• **How to complete this task**
All of the entries below need repeating exactly, apart from their images.

(Web page caption snippets)
****************

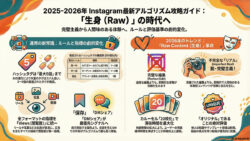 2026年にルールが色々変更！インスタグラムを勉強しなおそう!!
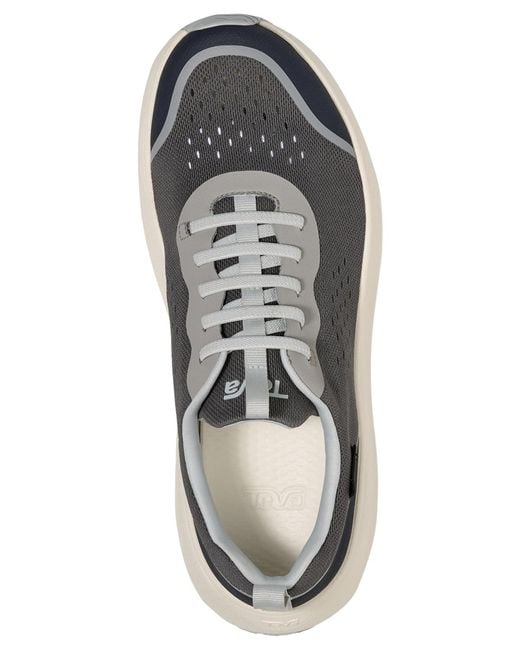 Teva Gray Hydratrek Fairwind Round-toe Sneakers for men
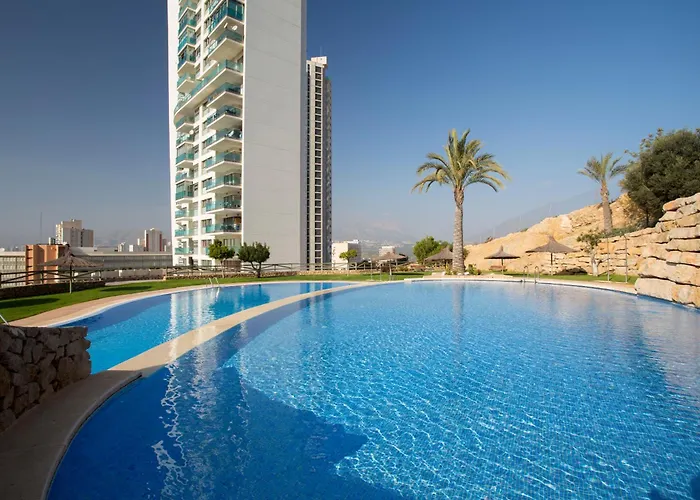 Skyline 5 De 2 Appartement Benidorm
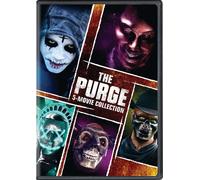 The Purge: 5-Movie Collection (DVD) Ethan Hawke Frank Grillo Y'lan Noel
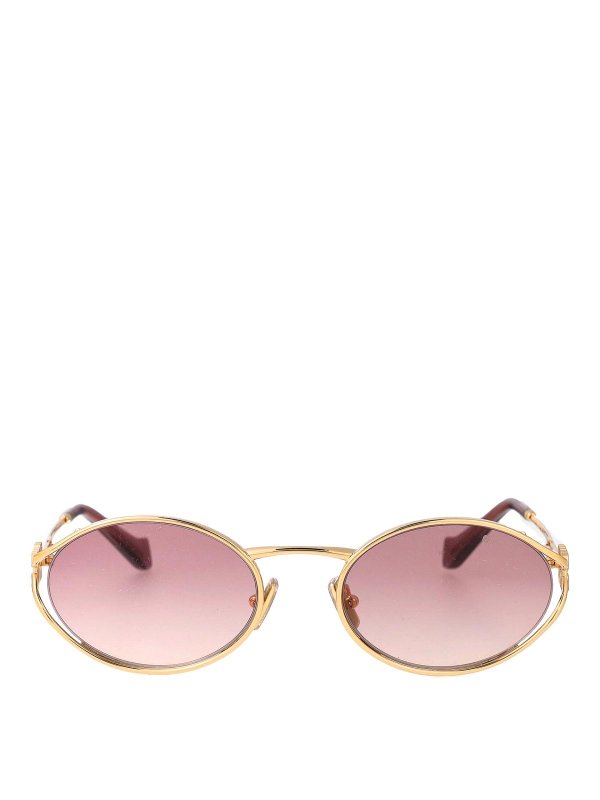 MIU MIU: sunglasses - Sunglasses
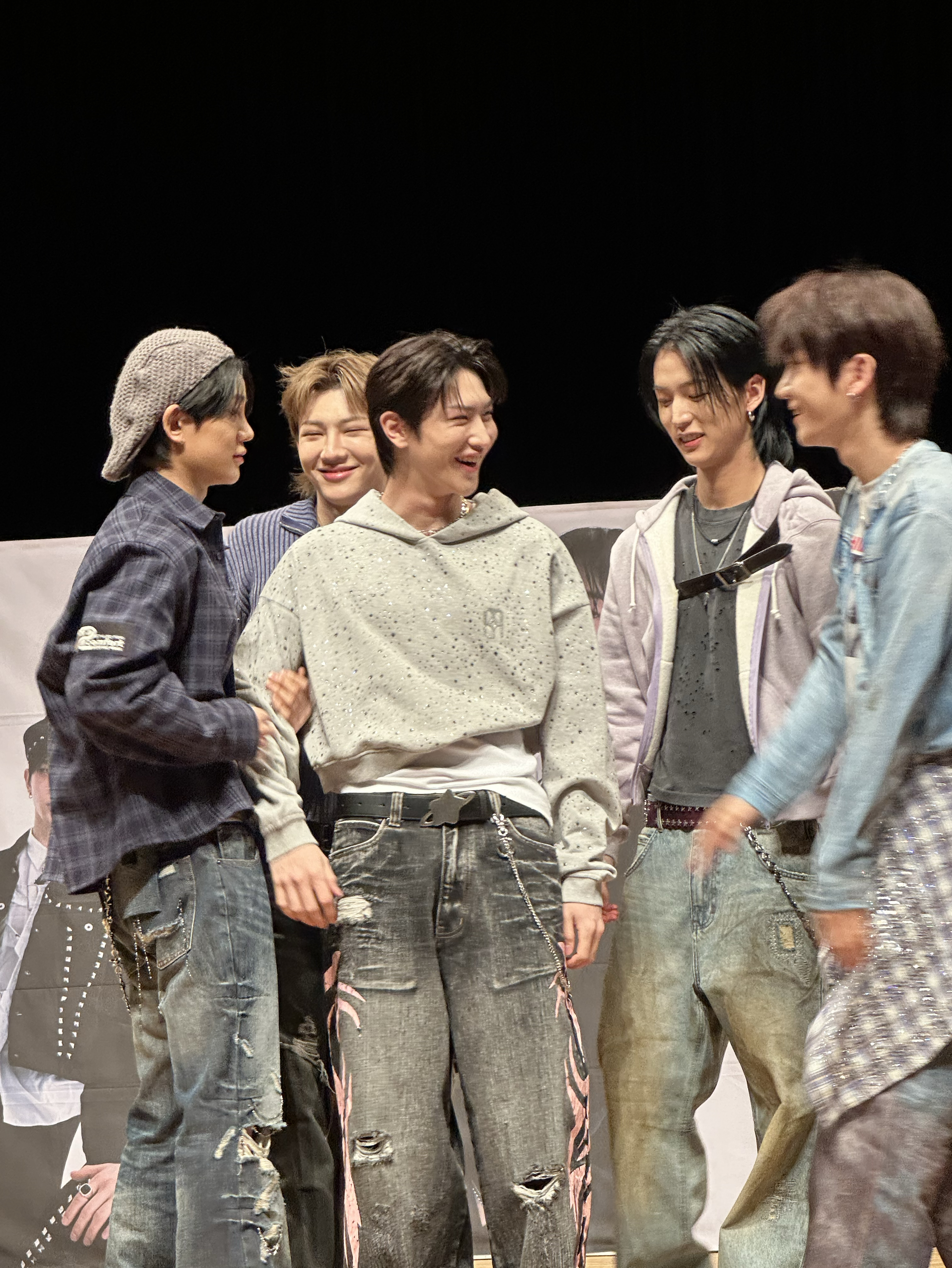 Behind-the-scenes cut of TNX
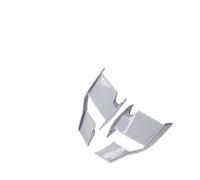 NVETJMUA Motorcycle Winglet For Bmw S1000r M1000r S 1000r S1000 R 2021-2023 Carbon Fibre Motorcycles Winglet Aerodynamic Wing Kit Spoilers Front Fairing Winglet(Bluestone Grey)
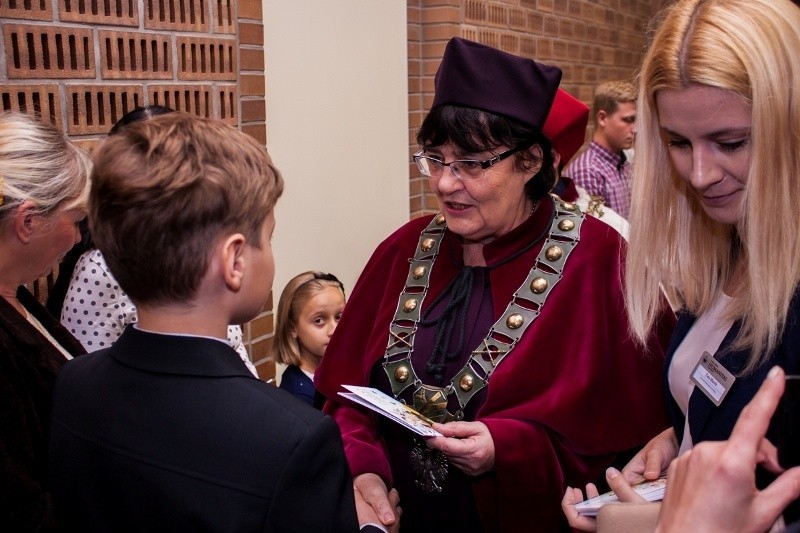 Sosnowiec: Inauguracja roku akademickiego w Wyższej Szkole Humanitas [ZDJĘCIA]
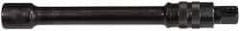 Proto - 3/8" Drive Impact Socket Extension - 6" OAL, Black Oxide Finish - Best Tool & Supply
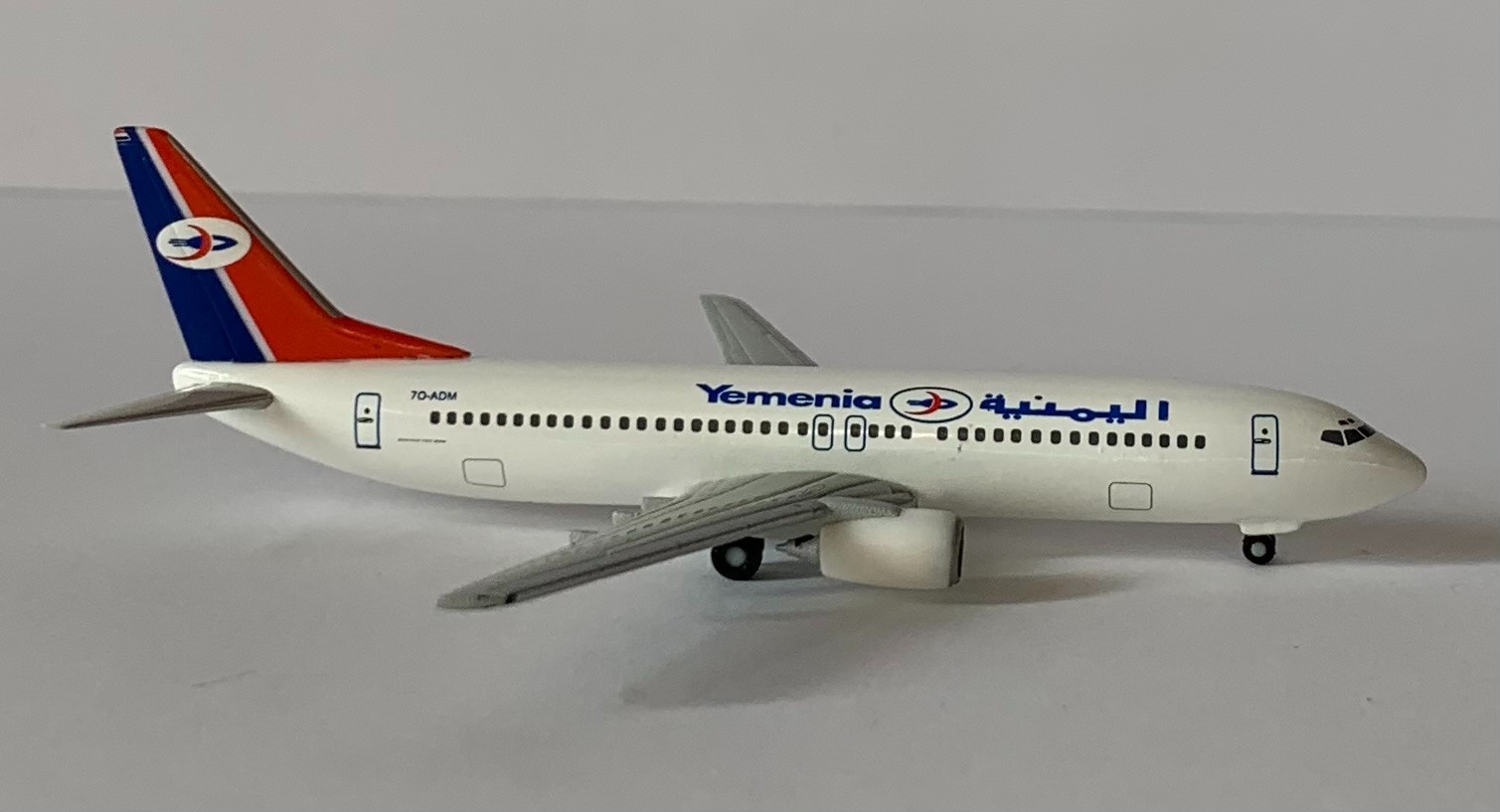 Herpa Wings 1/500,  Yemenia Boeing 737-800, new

****************

• **Answer to this task**
 2026年にルールが色々変更！インスタグラムを勉強しなおそう!!
 Teva Gray Hydratrek Fairwind Round-toe Sneakers for men
 Skyline 5 De 2 Appartement Benidorm
 The Purge: 5-Movie Collection (DVD) Ethan Hawke Frank Grillo Y'lan Noel
 MIU MIU: sunglasses - Sunglasses
 Behind-the-scenes cut of TNX
 NVETJMUA Motorcycle Winglet For Bmw S1000r M1000r S 1000r S1000 R 2021-2023 Carbon Fibre Motorcycles Winglet Aerodynamic Wing Kit Spoilers Front Fairing Winglet(Bluestone Grey)
 Sosnowiec: Inauguracja roku akademickiego w Wyższej Szkole Humanitas [ZDJĘCIA]
 Proto - 3/8" Drive Impact Socket Extension - 6" OAL, Black Oxide Finish - Best Tool & Supply
 Herpa Wings 1/500,  Yemenia Boeing 737-800, new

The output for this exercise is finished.